Eddie "Cleanhead" Vinson • Blues, Boogie & Bebop - "Meat's Too High"

Second reissue of early '80s sessions recorded in London. Guitarist Les Davidson blends perfectly with Eddie's sax and songsmanship.
(JSP †)


Stan West • West Coast Slide

Guitar shop owner and ZZ Top lookalike West credits Rahsaan Roland Kirk, Elmore James, Eric Dolphy, John Coltrane and Muddy Waters as his prime inspirations. That's a pretty heavy quintet and Stan seems to have distilled the essence of the blues from what they taught him. His slide playing melds well with Jeff Ross's lead stingeroo and Jay Loeffel's heavy harp on 15 well-constructed tunes.
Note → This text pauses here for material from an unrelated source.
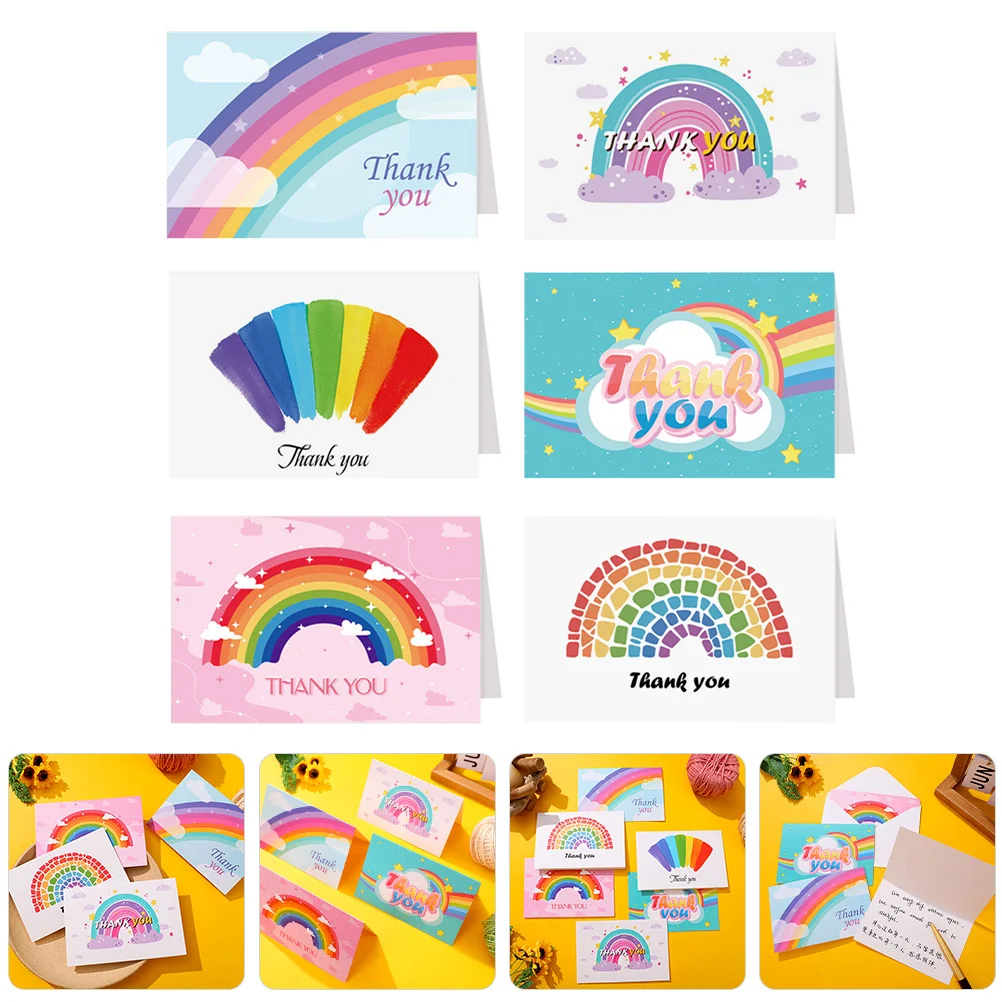 

6Pcs Exquisite Foldable Teacher Thank You Cards for Teachers Day Gift and Gratitude Thank You Card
Now where can I get some of that Robert Johnson designer underwear he sings about?
(Res-O-Nator)


U.P. Wilson • The Good, the Bad, the Blues

In the words of BA contributor Tim Schuller's liner notes, Wilson is "no safe, showbizzy bluesdude," he's a "truelife Texas bluesman with an edge all his own," points of which are scattered all across this highly charged disc.
(JSP †)


Jesse Yawn • Forevermore

Big Jesse hails from Maryland but he moves easily from a Kansas City shout to a Mississippi moan. He's a dynamic live performer (who was a big hit at this year's Poconos Blues Fest) and producer-guitarist Tino Gonzalez has done a nice job of bringing a good bit of that feeling into the studio.